COMPOSITION DE LA COUR :
L’affaire a été débattue le 17 octobre 2024, en audience publique, devant la Cour composée de :
Mme Sylvie DELACOURT, présidente de chambre
Mme Laura TARDY, conseillère
Mme Viviane SZLAMOVICZ, conseillère
qui en ont délibéré, un rapport a été présenté à l’audience par Mme Sylvie Delacourt dans les conditions prévues par l’article 804 du code de procédure civile.
Greffière, lors des débats : Madame Manon CARON
ARRÊT :
– contradictoire.
– par mise à disposition de l’arrêt au greffe de la Cour, les parties en ayant été préalablement avisées dans les conditions prévues au deuxième alinéa de l’article 450 du code de procédure civile.
– signé par Laura TARDY, conseillère faisant fonction de présidente pour la présidente empêchée et par Tiffany CASCIOLI, greffière, présente lors de la mise à disposition.
Suivant devis du 26 avril 2016 accepté par M. et Mme [B], la société BRG Habitat a réalisé sur la maison de ces derniers un ravalement et la mise en ‘uvre d’une isolation thermique extérieure.
La société BRG habitat est assurée auprès de la société Millennium Insurance Company.

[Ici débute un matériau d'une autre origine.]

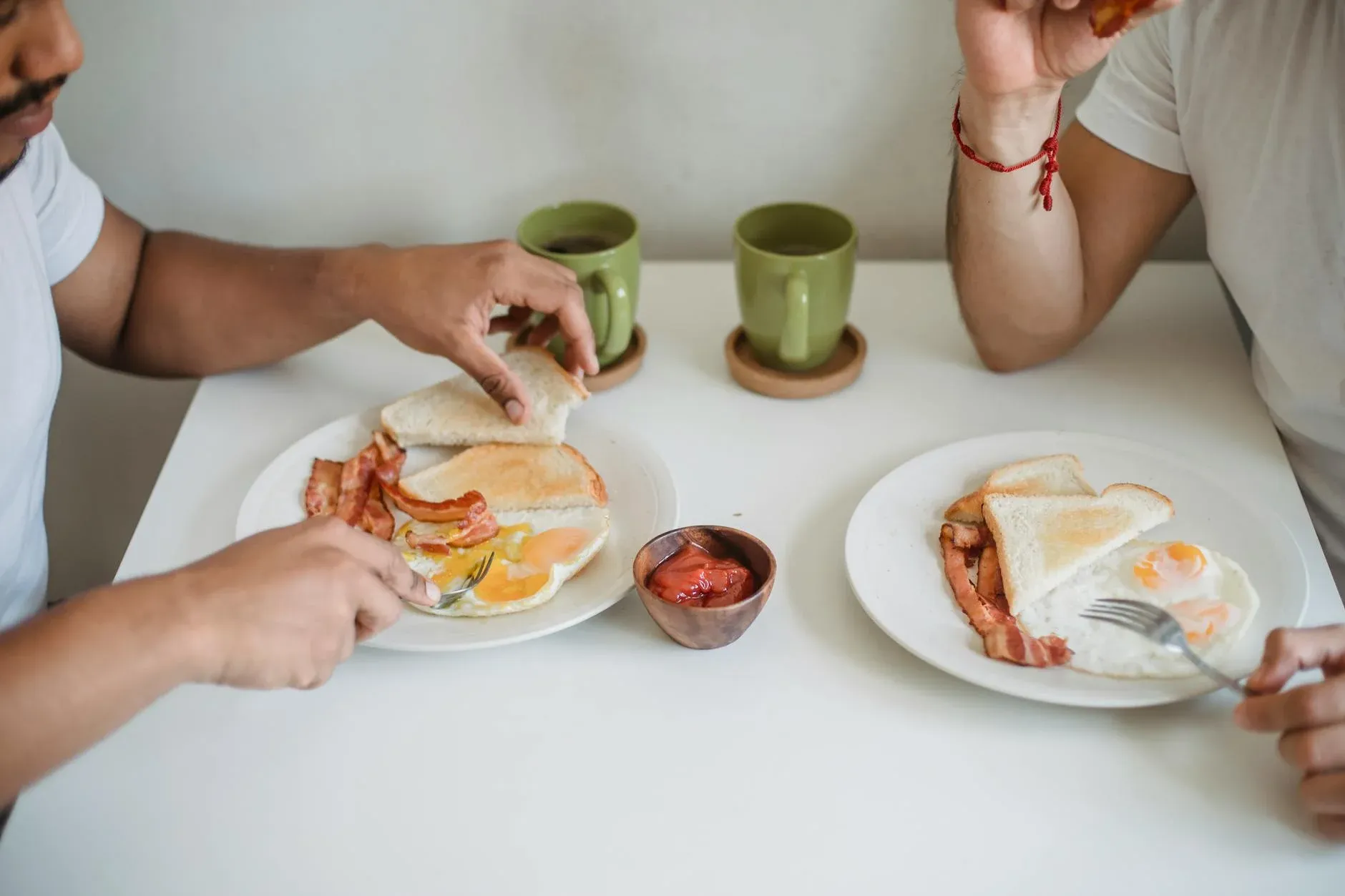 Two friends savoring a simple yet satisfying breakfast of bacon, eggs, and toast in a warm, sunlit kitchen.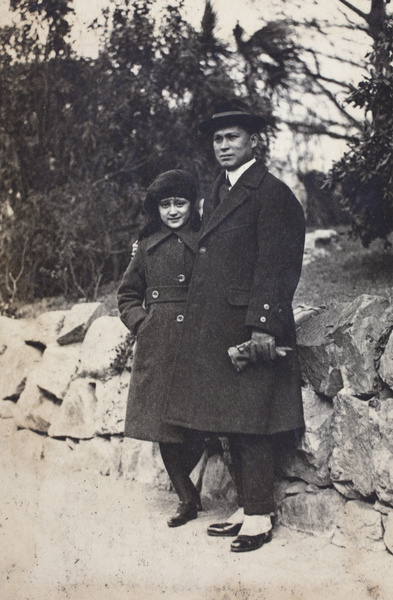 Unidentified young woman and man in a park, Shanghai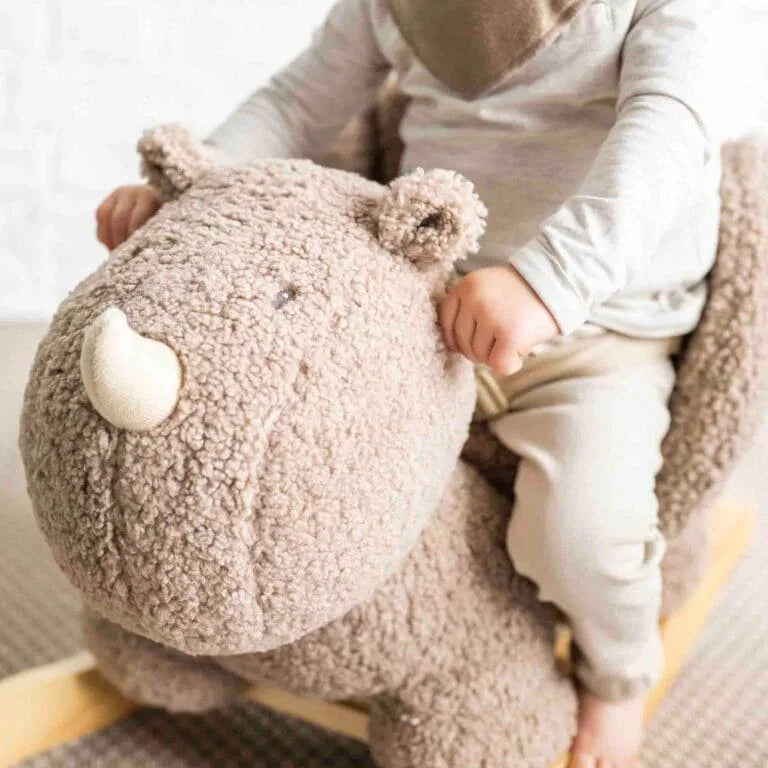 Child holding a plush rhino toy on a soft surface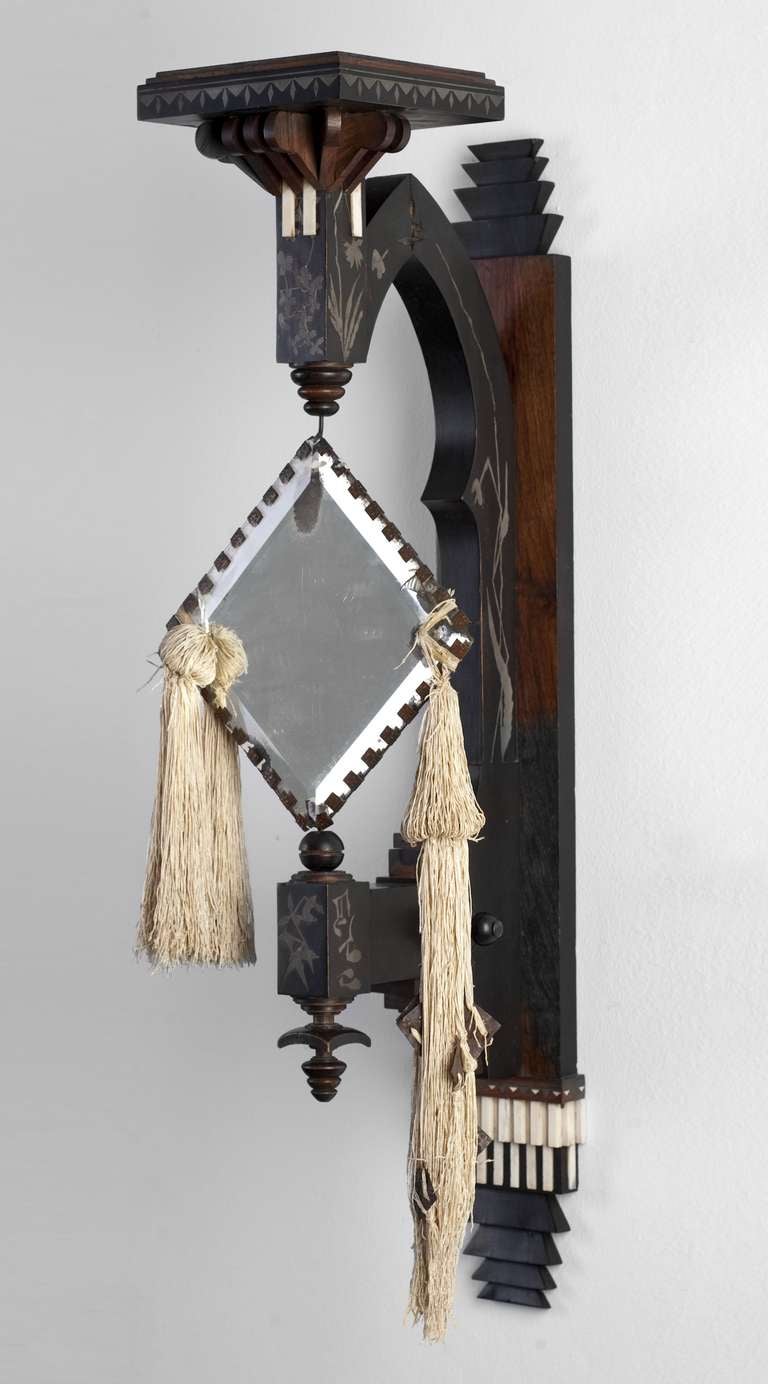 CARLO BUGATTI
Milan 1856 – 1940 Molsheim

MIRROR

designed and executed by: Carlo Bugatti, Milan, around 1900

walnut, partially ebonized and polished, applications in copper and bone, inlay in pewter, original cut and facetted mirror, some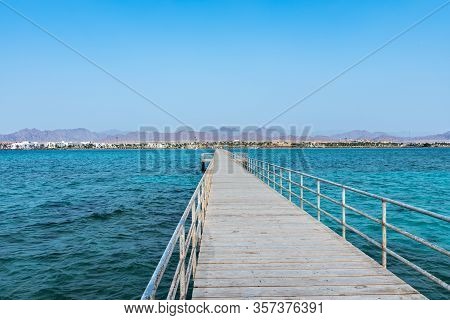 Long Pontoon On The Red Sea In Egypt. Pontoon For Descent Into The Water.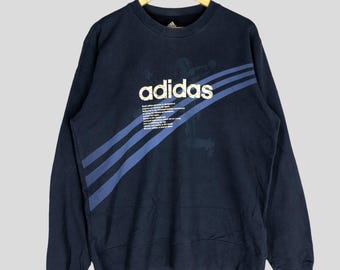 May include: A navy blue sweatshirt with a white adidas logo and three blue stripes on the front. The sweatshirt has a crew neck and long sleeves.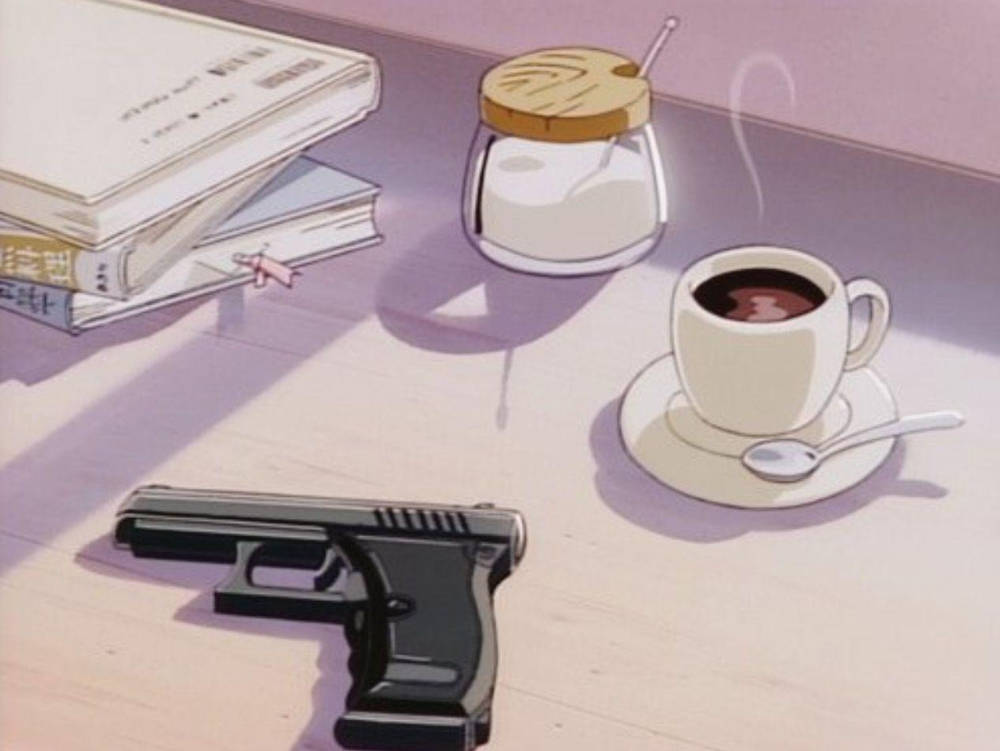 a gun and coffee on a table Wallpaper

Suivant facture en date du 7 juin 2016, les travaux ont été réalisés moyennant un prix de 13 678,32 euros TTC.
Le 15 février 2018, par courriers séparés, M. et Mme [B] se sont plaints auprès de la société BRG Habitat et de la société Millennium Insurance Company de l’apparition de taches noires sur l’extérieur de leur maison. Ces courriers sont revenus avec la mention » destinataire inconnu à l’adresse » pour la société BRG Habitat et » pli avisé et non réclamé » pour la société Millennium Insurance Company.
Le 24 mars 2018, par courriers séparés dont il a cette fois été accusé réception, M. et Mme [B] se sont de nouveau plaints de désordres auprès de la société BRG Habitat et de la société Millennium Insurance Company.
Suivant ordonnance du 6 février 2019, le juge des référés du tribunal de grande instance de Meaux, à la demande de M. et Mme [B], a ordonné une expertise judiciaire au contradictoire de la société BRG Habitat et désigné M. [S].
Suivant ordonnance de référé du 15 juillet 2020, les opérations d’expertise judiciaire ont été rendues communes à la société Millennium Insurance Company.
Le 25 novembre 2020, l’expert a déposé son rapport.
Les 22 et 26 janvier 2021, M. et Mme [B] ont assigné la société BRG Habitat et la société Millennium Insurance Company, représentée par la société Leader Underwriting, son mandataire en indemnisation de leurs préjudices.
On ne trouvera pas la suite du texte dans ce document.